Fears that Minnesota Mining & Manufacturing Co. could be the next corporate giant taken hostage by burgeoning asbestos liabilities dragged the company's shares down more than five percent Wednesday.

A startling number of large U.S. companies, from chemicals giant Dow Chemical Co. to oilfield services company Halliburton Co., have watched their share prices plunge as investors worry the number and magnitude of asbestos claims against them could destroy their profits.

3M's shares were the next to feel the heat Wednesday, sinking $6.00, or 5.5 percent, to $103.50 on the New York Stock Exchange and saddling the entire Dow Jones industrial average.
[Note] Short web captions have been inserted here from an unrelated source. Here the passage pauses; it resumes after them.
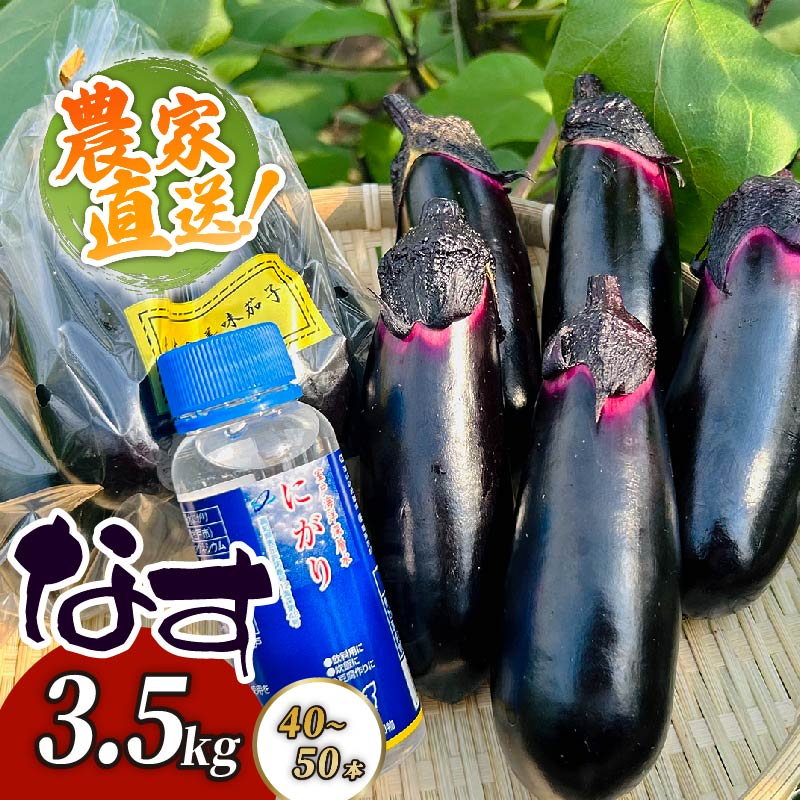 【最短7日以内発送！】 農家直送　土佐の美味茄子の新鮮ナス　3．5kg　（室戸海洋深層水にがり使用） 野菜 なす ナス 常温 小袋 国産 夏野菜 茄子 小分け 旬 高知 bn004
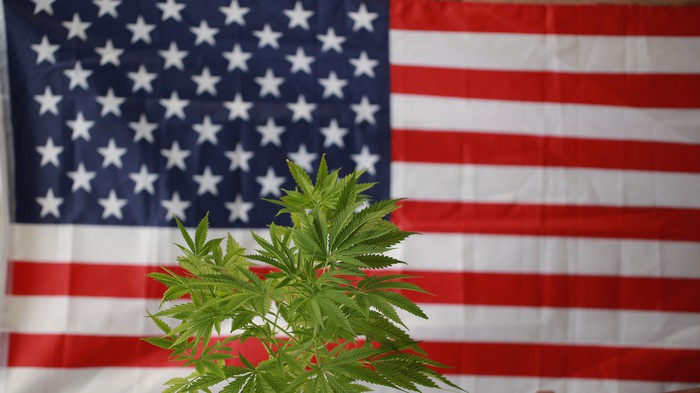This Many States Will Fully Legalize Marijuana by 2024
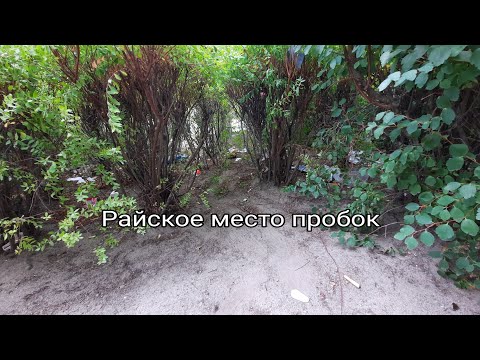 Видео: ✔️Поиск пробок нашел райское место пробок в Германии 🇩🇪✔️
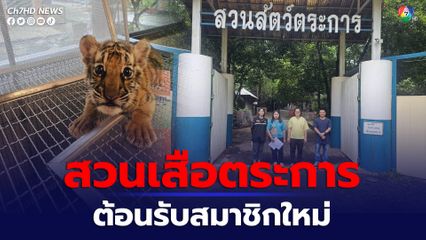 ลูกเสือโคร่งลืมตาดูโลกที่สวนเสือตระการ อุบลราชธานี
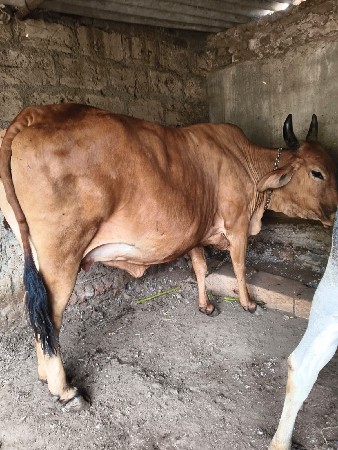 આ બે ગાયુ વેચવાની છે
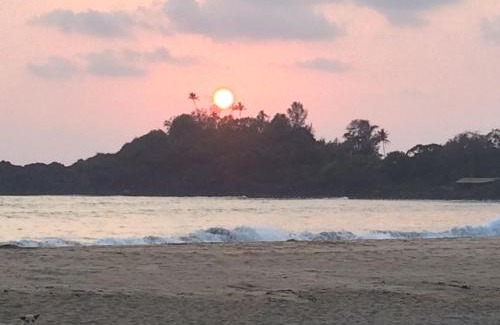 Patnem Hotel | Oceanfront Escape at Hare's Bar and Restaurant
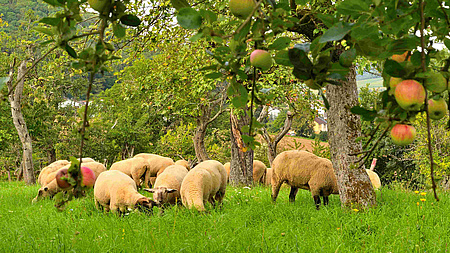 Schafe auf einer grünen Weide. Im Vordergrund ein Apfelbaum.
"Anybody with any hint of asbestos exposure is getting taken down. It's a witch hunt," said ABN AMRO analyst David Begleiter.

Still, it's natural for investors be wary of companies with asbestos exposure, Begleiter said, because mounting fears of asbestos liabilities have pummeled shares of other companies facing asbestos claims.

In its form 10-Q filed with the Securities and Exchange Commission Nov. 13 last year, 3M said a jury in Holmes County, Mississippi, ruled that it pay $22.5 million to four plaintiffs.

The plaintiffs alleged that 3M's respirators and masks failed to protect them from contracting asbestos-related diseases.

The company said it was a defendant in roughly 20,000 lawsuits in various courts as of the end of last September. Those cases purport to represent about 85,000 individual claimants.

A spokeswoman for 3M had no immediate comment.

Prudential Securities analyst Nicholas Heymann said most of 3M's asbestos-related cases to date have been settled for much smaller sums of money than the Mississippi laborers were awarded.

"What happens is that they settle each one out of court on a case-by-case basis for $1,500 or $1,800," he said. 3M said in the filing that its current average settlement value is less than $1,000.

The Mississippi case was also the first asbestos-related case 3M lost -- juries ruled in favor of the company in the two previous cases that went to court.

Still, investors on Wednesday began to fear that the remaining 85,000 claimants in lawsuits against 3M could receive larger payouts, analysts said.

While 3M said it believes the lawsuits will not have an adverse impact on its financial position, it also admitted in the filing "there can be no certainty that the company may not ultimately incur charges for litigation in excess of presently recorded liabilities."

3M said it will challenge and possibly appeal the Mississippi verdict. It also said it has substantial product liability insurance to protect it from asbestos claims.

Nine U.S. companies have filed for Chapter 11 bankruptcy protection since January 2000 as a result of the financial burden of asbestos claims.

Many of those companies -- along with Dow, Halliburton, Viacom, and Georgia-Pacific, which are currently fighting claims -- have said their reserves and insurance would be enough to cover any potential asbestos-related liability.

As of the end of September, 3M said it had asbestos liabilities of $122 million, while expected receivables from insurance totaled $184 million.